If we spent thousands of pounds annually teaching the boys town trades in the State technical schools, I think that thousands extra should be spent on agricultural schools, where our boys would be taught to become first producers, and not competitors with the English immigrant town workers.
The Wellington Education Board are moving in the matter.
Queensland, Victoria, South Australia, and New South Wales have State Agricultural Colleges.
—l am, etc.,
J PEARSON.
Agricultural Course.
Poverty Bay Herald, June 20, 1924
Systematic instruction urged.
Speeding up the “duds.”
(Per Press Association.)
Wellington, this day.
Agricultural education was discussed by the Council of Education to-day.
A motion urging the Department to systematise instruction was carried.
Mr. Banks (Rangiora) said that something should be done towards setting up a committee of experts to go into details.
Mr. Banks (Auckland) thought Ruakura and Weraroa farms should be established as agricultural high schools under the control of the Education Department, not the Agricultural Department.
Mr.
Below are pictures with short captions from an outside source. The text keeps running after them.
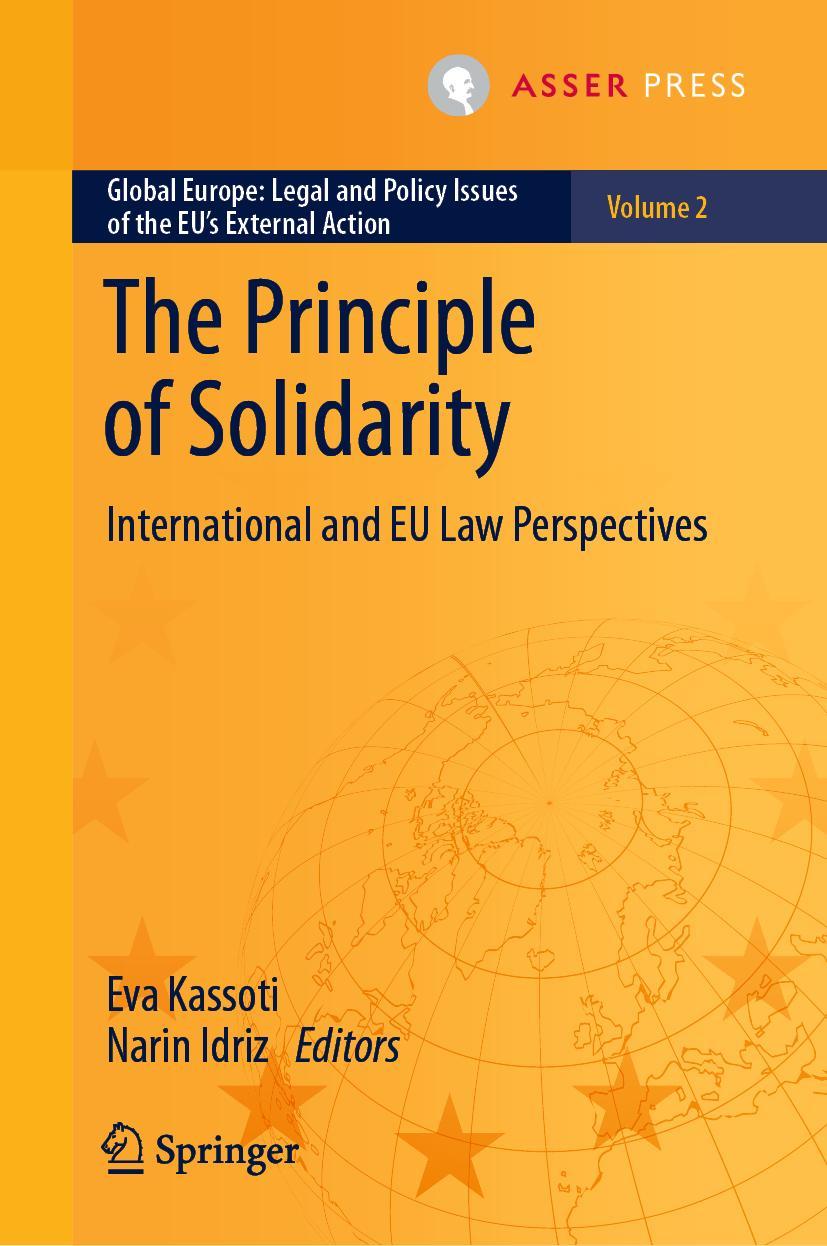 Cover: 9789462655744 | The Principle of Solidarity | International and EU Law Perspectives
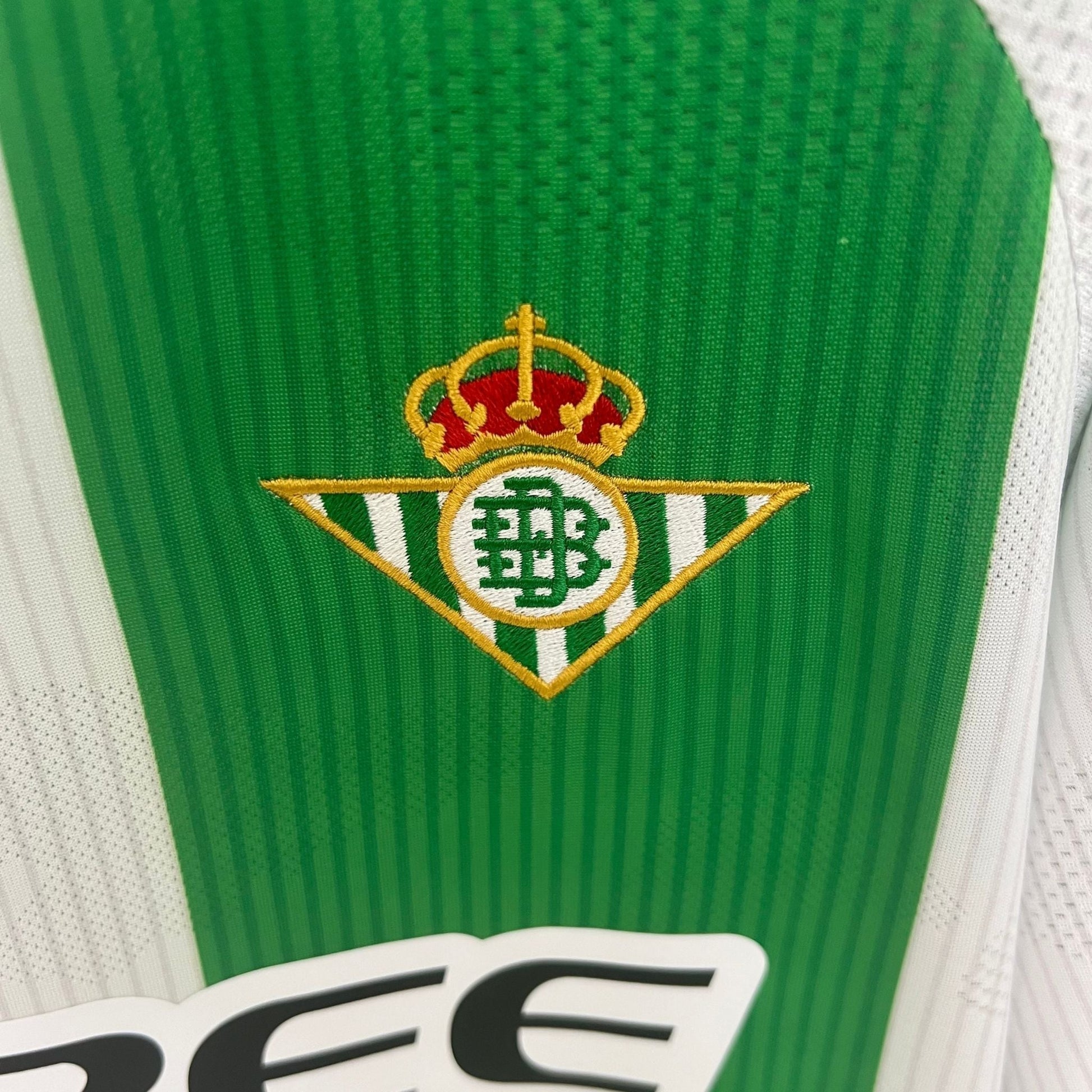 25/26 Real Betis Home Kit from FootballPrestige.com - Premium Football Kits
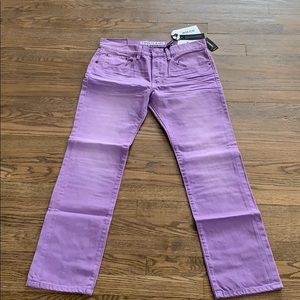 Express Rocco slim fit skinny leg jeans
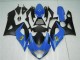 Bleu Noir Kit Carénages Suzuki GSXR 1000 K5 05-06 Bleu Noir Kit Carénages Suzuki GSXR 1000 K5 05-06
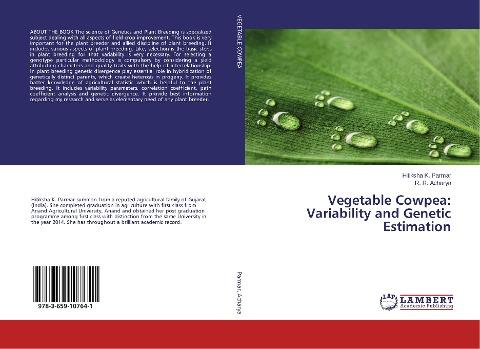 Vegetable Cowpea: Variability and Genetic Estimation
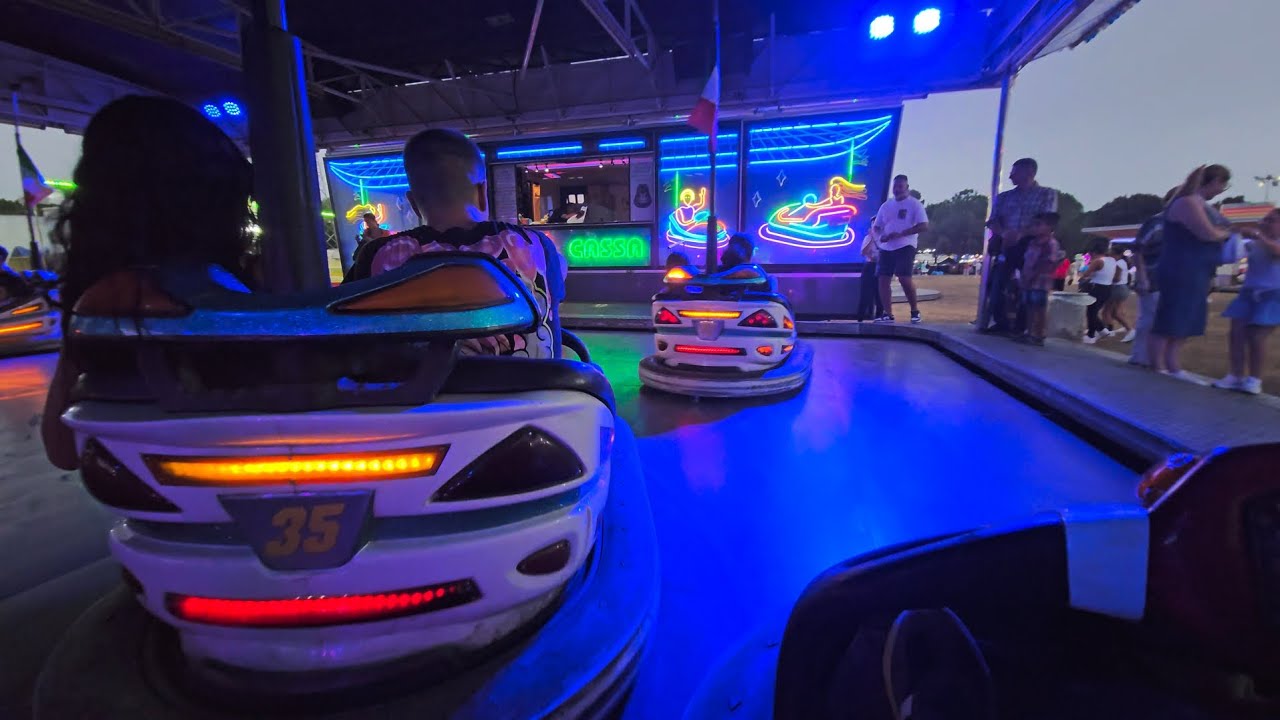 LUNA PARK- FESTA SANTA MARIA 2024 UTA (CA)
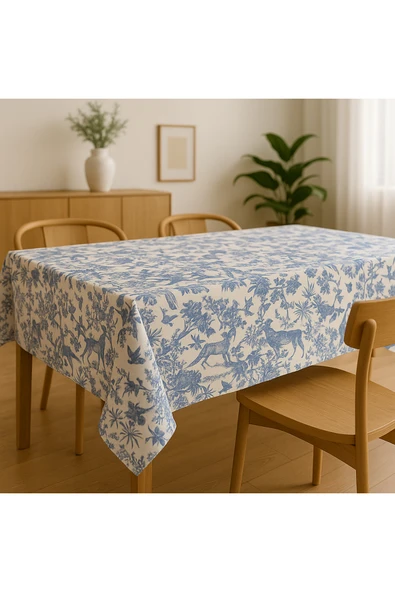 Dertsiz Leke Tutmaz Masa Örtüsü ürün görseli 1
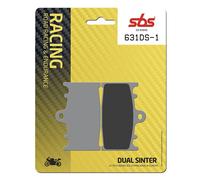 Sbs Dual Road Racing Dynamic Racing Concept Hi-tech 631ds-1 Sintered Brake Pads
Milner (Waitaki) said that when boys at his school finished their agricultural course they found great difficulty in going on to universities.
It would be found that the agricultural course in secondary schools was little more than an academic course.
Dr. Marsden said that what was really wanted was a ruralised course in secondary schools as a whole.
There was no use hiding the fact that average pupils taking the agricultural course were “duds.”
The intelligence test had made the discovery that the average agricultural pupils were at least a year and a half behind the other pupils as far as mental abilities went.
The following resolutions were carried: “That the Department be urged, to systematise agricultural instruction from primary schools to the university, and that curricula in post primary schools be broadened in this direction, and that the matriculation examination he amended accordingly; that the Government experimental farms and Lincoln College be turned into agricultural high schools under the control at least as far as the teaching is concerned, of the” Minister of Education.”
Need for agricultural high school in the Waimarino
Wanganui Chronicle, April 29, 1948
(O.C.) Raetihi, April 28.
The urgent need for the establishment of an agricultural high school was stressed at the meeting of householders held at Raetihi on Monday evening.
Speakers—the majority of whom were farmers—were unanimously of the opinion that the facilities at present offering were unsuitable to students requiring a knowledge of high country farming, and the position could only be met by the establishment of a college on some part of the Main Trunk.
After considerable discussion, the motion was carried:—
“That this meeting of householders, recognising the lack of facilities for training in hill country farming, strongly recommends that an agricultural high school be established in the Waimarino.”
A copy of the resolution is to be forwarded to the Education Board and another to the district branch of the Federated Farmers, who will be urged to give their support to the proposal.